> _What you are asked to do_: Please transcribe the data below in full, word for word, without the images.

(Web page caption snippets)
*** Begin section ***

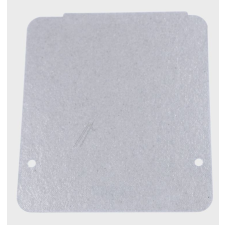  CSILLÁMLAP ALTERNATIV beépíthető gépek kiegészítői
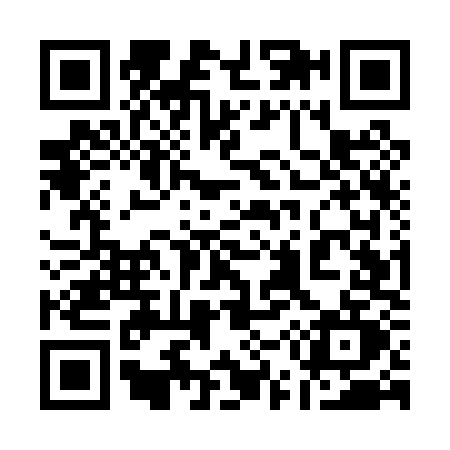 QR code for 155P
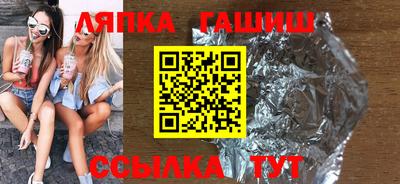 кокаин колумбия Азнакаево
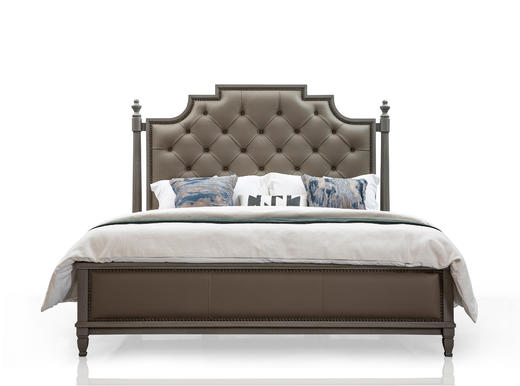 Alturas 床 商品图0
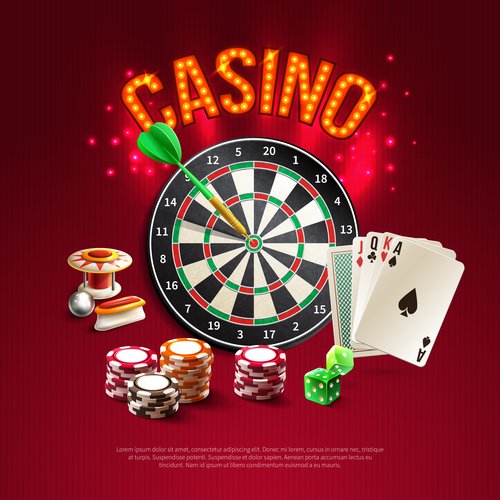 Online Slots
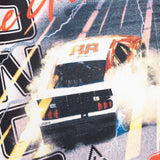 Grand Prix 2.0 T-Shirt - White
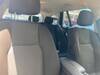 MERCEDES BENZ C-CLASS Stationwagon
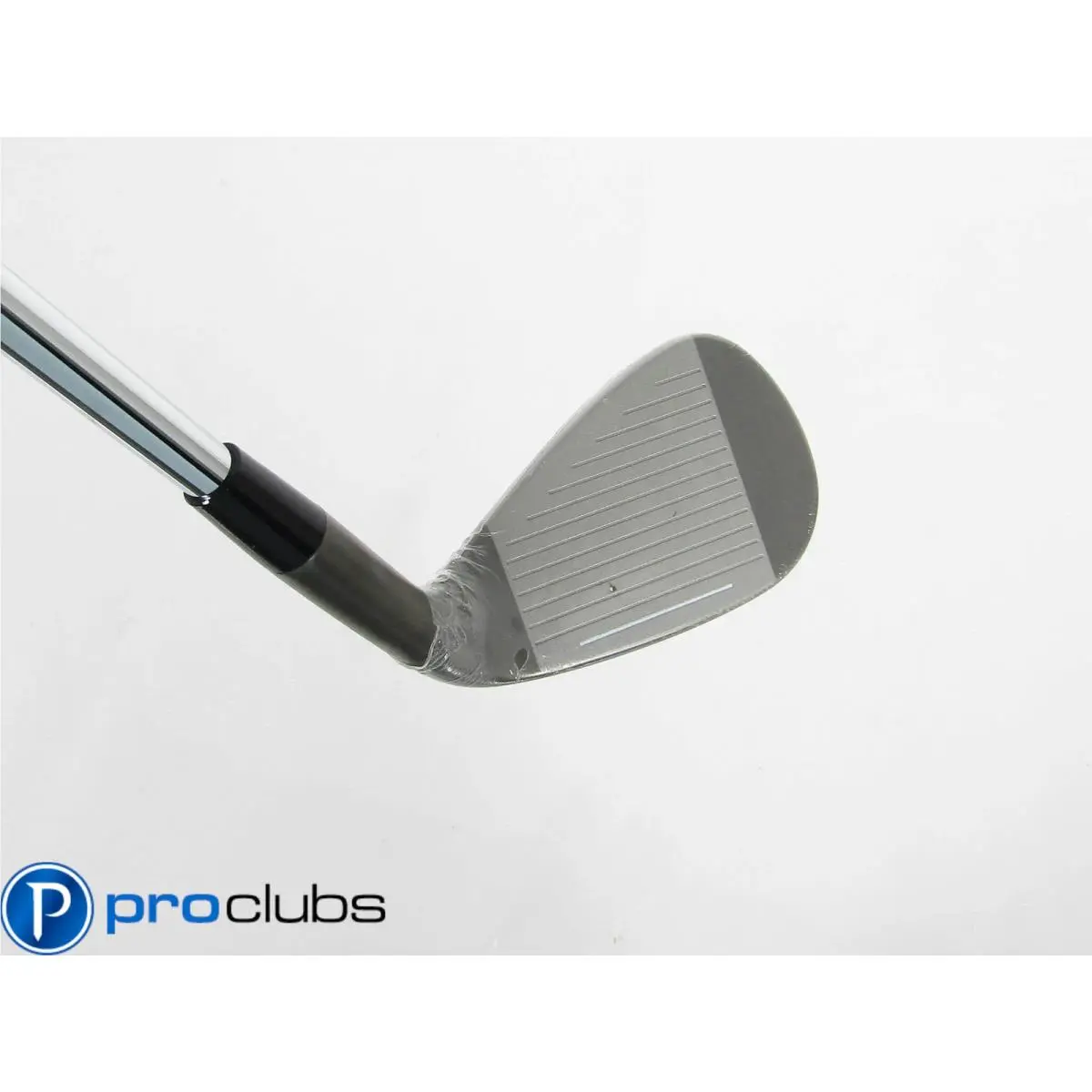 Cobra  - Darkspeed One Length - Darkspeed One Length - 522016 1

*** End section ***

> _Finished exercise_:
  CSILLÁMLAP ALTERNATIV beépíthető gépek kiegészítői
 QR code for 155P
 кокаин колумбия Азнакаево
 Alturas 床 商品图0
 Online Slots
 Grand Prix 2.0 T-Shirt - White
 MERCEDES BENZ C-CLASS Stationwagon
 Cobra  - Darkspeed One Length - Darkspeed One Length - 522016 1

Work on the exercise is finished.